The lines below starting at the line containing "Snapshot of Jaxxon_" and ending at the line containing "Pneu 37/12,5 R" are to be repeated exactly, with both ends kept and nothing else added.
=== Begin Enclosure ===
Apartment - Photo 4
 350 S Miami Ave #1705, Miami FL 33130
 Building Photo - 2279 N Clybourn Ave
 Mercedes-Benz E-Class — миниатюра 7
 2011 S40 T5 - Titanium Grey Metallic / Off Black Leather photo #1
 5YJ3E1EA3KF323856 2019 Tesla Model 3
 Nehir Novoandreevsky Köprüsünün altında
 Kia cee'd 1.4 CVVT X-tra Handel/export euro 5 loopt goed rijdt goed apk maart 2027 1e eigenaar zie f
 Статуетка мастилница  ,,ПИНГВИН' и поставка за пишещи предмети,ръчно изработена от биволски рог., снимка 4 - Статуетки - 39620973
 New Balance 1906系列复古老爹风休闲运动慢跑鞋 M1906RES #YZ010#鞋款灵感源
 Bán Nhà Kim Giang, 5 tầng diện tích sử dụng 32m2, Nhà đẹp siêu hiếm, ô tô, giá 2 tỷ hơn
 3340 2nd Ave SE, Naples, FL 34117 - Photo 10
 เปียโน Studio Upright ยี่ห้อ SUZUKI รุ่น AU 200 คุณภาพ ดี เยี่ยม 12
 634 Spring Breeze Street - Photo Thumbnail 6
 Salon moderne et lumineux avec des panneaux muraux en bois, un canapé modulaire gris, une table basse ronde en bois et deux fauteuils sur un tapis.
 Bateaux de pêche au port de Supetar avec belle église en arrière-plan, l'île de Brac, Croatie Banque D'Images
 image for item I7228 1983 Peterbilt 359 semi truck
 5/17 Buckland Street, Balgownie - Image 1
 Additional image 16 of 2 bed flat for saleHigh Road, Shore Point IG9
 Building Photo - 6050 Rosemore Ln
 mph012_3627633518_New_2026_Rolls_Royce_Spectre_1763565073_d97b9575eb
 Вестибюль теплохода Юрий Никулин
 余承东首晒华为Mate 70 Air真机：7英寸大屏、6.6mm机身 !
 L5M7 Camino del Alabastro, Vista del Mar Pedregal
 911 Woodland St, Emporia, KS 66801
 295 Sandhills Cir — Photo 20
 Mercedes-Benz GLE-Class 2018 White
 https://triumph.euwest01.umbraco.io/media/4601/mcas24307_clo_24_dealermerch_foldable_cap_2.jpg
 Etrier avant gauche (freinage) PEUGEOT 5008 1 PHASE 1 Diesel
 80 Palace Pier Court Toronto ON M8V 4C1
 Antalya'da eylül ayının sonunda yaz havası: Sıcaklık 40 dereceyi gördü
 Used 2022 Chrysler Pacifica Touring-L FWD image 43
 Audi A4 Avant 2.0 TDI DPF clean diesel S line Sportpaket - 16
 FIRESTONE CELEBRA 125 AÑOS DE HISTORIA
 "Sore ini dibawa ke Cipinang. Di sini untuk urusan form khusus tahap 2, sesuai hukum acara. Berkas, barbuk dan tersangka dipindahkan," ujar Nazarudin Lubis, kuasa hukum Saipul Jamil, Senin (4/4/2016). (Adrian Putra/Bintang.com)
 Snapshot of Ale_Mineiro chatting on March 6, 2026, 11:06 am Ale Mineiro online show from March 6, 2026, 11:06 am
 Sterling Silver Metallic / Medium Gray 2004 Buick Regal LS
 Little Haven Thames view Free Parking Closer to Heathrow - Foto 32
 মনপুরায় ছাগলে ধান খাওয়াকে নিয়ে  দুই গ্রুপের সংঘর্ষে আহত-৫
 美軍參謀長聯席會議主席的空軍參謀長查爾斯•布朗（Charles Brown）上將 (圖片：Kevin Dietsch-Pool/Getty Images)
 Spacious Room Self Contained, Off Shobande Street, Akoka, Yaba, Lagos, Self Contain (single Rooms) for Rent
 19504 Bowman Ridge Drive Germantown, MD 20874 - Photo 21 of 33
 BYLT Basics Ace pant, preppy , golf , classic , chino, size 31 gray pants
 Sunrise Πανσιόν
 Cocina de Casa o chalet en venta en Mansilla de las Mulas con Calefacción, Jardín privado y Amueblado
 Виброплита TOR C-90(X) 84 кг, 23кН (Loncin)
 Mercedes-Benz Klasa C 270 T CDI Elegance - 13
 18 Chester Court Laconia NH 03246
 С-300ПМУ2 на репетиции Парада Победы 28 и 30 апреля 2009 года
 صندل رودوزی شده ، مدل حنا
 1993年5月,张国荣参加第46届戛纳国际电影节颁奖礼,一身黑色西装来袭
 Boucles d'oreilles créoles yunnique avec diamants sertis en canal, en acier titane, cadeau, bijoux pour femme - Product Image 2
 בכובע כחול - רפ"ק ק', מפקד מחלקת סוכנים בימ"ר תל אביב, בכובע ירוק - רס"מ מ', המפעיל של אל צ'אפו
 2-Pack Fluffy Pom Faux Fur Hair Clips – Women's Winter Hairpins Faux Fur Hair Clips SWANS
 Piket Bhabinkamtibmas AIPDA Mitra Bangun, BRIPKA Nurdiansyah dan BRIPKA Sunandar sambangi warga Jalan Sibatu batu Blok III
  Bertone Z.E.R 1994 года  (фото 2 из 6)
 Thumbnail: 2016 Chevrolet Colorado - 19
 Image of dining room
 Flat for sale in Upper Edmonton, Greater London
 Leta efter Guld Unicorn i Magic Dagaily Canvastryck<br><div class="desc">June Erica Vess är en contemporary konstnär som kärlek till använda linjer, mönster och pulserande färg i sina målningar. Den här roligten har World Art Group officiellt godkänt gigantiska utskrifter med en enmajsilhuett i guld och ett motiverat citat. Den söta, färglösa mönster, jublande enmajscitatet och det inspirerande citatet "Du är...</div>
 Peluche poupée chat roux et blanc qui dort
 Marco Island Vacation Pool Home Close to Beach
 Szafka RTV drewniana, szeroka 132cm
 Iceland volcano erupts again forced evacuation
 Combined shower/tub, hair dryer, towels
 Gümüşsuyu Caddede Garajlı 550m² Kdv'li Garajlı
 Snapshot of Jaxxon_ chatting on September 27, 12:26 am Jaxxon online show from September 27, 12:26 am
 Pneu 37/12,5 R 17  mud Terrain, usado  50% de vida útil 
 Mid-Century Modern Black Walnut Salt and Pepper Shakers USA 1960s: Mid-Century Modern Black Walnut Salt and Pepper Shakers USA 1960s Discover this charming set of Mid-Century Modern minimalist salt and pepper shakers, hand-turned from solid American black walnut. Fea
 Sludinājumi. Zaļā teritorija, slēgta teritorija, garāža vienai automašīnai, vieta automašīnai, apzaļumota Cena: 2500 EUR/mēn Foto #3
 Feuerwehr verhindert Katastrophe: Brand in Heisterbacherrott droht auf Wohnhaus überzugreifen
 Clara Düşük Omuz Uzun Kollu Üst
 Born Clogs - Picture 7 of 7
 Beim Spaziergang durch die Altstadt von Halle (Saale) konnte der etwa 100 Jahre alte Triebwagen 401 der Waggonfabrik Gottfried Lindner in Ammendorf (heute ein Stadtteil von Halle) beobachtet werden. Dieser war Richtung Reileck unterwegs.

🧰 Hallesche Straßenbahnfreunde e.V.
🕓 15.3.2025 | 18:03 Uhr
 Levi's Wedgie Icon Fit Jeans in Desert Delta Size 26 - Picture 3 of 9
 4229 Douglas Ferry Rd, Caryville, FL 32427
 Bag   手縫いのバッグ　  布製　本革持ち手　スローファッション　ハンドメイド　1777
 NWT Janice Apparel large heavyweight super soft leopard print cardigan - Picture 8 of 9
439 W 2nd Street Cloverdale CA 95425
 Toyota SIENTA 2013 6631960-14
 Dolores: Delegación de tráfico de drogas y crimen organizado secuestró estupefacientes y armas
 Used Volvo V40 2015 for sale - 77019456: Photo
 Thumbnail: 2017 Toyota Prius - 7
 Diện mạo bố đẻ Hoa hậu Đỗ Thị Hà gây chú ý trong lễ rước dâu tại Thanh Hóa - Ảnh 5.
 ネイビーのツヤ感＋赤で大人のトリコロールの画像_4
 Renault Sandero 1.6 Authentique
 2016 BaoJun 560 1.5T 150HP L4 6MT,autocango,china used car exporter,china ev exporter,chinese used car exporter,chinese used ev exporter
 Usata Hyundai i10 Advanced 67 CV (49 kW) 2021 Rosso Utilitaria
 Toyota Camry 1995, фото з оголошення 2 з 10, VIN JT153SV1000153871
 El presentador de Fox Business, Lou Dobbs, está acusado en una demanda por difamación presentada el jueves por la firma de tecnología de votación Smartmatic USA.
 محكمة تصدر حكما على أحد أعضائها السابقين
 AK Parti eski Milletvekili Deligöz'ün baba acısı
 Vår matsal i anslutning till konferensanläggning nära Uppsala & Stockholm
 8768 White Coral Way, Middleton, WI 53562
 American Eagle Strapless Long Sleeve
=== End Enclosure ===
Task output:
 Snapshot of Jaxxon_ chatting on September 27, 12:26 am Jaxxon online show from September 27, 12:26 am
 Pneu 37/12,5 R 17  mud Terrain, usado  50% de vida útil 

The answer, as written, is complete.